Sigfox is a global communication network designed for the Internet of Things (IoT) devices. It has similar features to NB-IoT and has relatively long range and is simple to integrate.

It also has some of the same limitations in terms of low bandwidth, low messages size and no two way communications.

Ingestion

In the ingestion phase data makes its way from the remote device to a centralised server or IoT platform. Depending on the type of gateway that is used, data may be transmitted using one of a few common protocols:

MQTT
HTTPS
OPC UA
UDP
CoAP
LoRaWAN backhaul

The choice of protocol will depend largely on what is supported by the gateway device in the field or the sensor that is used and the capabilities of the server or IoT platform.

When using LoRaWAN, the gateway will use a LoRa specific protocol to send the data to a LoRa server.
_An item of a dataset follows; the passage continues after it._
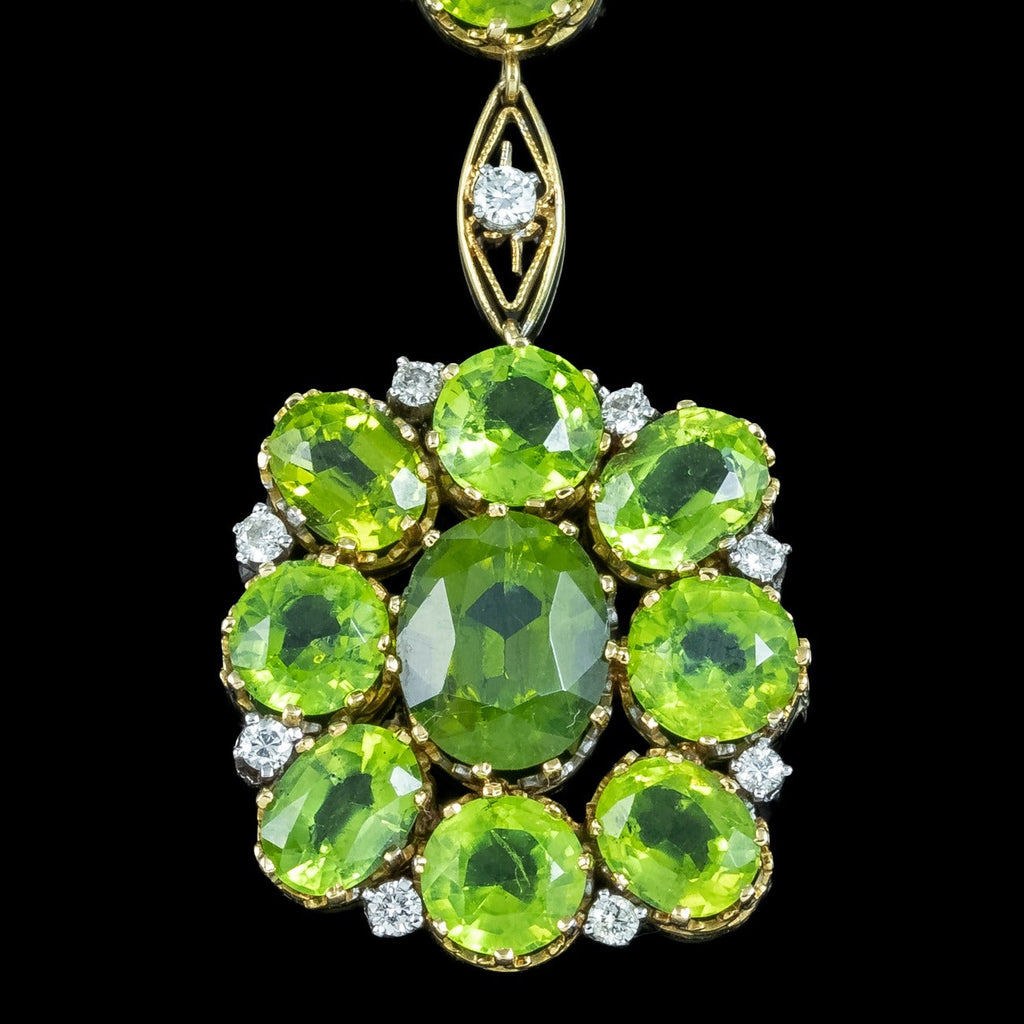 Antique Edwardian Peridot Diamond Lavaliere Necklace 18ct Gold With Box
This can be hosted in AWS IoT, on platforms such as The Things Network or using your own LoRa stack. Generally you would make use of an existing service than try to build your own unless you have very specific requirements.

For other non-LoRa LPWAN devices the most common protocols will be UDP, CoAP and MQTT depending on the capabilities and power consumption requirements. MQTT is one of the most widely used protocols, but it uses more power than UDP or CoAP.
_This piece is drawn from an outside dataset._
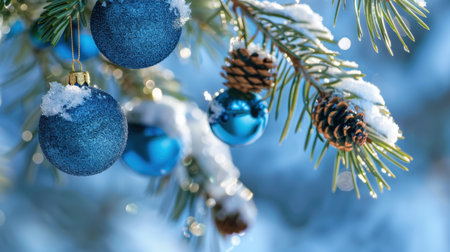 A picturesque winter scene featuring beautiful blue ornaments hanging from a snowy pine tree branch. The subtle sparkle of frost complements the natural beauty, creating a serene and festive atmosphere ideal for holiday celebrations.の素材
Devices that are not constrained by power limitations will most likely use MQTT as this is the default choice for platforms like AWS IoT and Azure IoT Hub.
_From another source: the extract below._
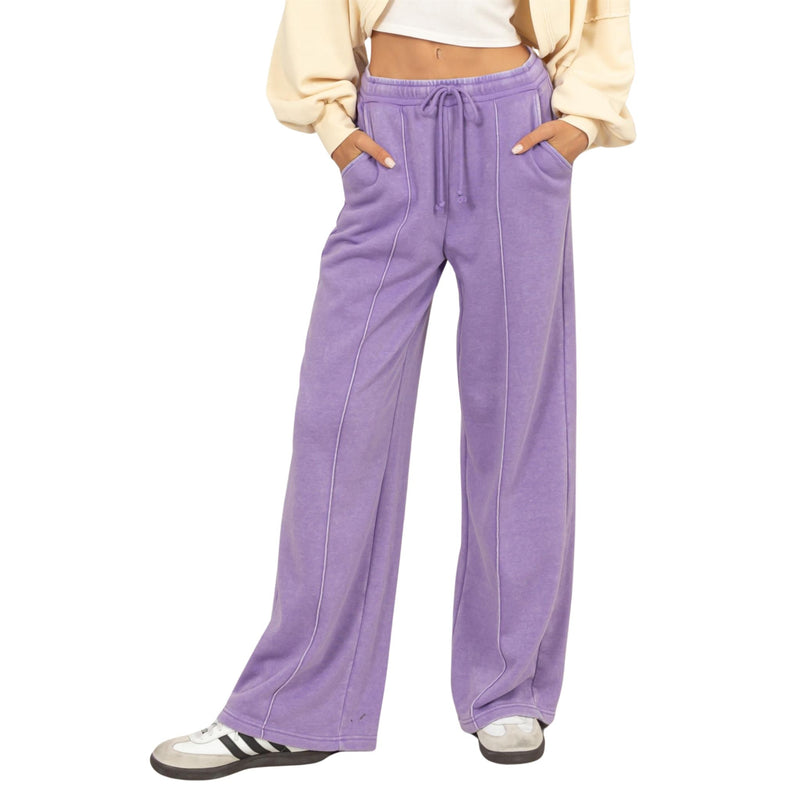 Lavender High Waist Draw String Pants - FINAL SALE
For legacy systems or traditional SCADA connections, the OPC UA protocol is an option and can be integrated with platforms that support such connectors.

The most flexible method is using HTTPS, but it requires you to write your own message handlers and processing capability at the edge to then be able to ingest the data into a remote server. Many Cloud vendors can provide Software Development Kits (SDKs) to help with data ingestion, but it relies on your device being able to run a supported programming language.

Transformation

Once data has been ingested into a server or IoT platform, it will often need to be transformed into a value that represents a measurement in the physical world. In other words, most sensors will measure voltage or current, but this doesn't represent the real world (unless voltage is what we actually want to measure.)

Mathematical Conversion

Usually what we are interested in is a physical measurement such as temperature, soil moisture, or the vibration of a motor. The most simple type of transformation takes care of translating a sensor reading into a real-world measurement by applying a mathematical formula. This is also known as scaling.

Statistical Data

Another type of transformation is to create additional data from a particular measurement. One example of this is calculating statistical data from a measurement by tracking a minimum, maximum and average value within a given moving time window. Such operations provide additional insight into what a measurement is doing.

Payload Processing

In some cases, the data "package" that arrives from a field device can contain measurements from more than one sensor and more than one measurement for each sensor. This data, also known as the payload, needs to be processed and each sensor measurement needs to be extracted.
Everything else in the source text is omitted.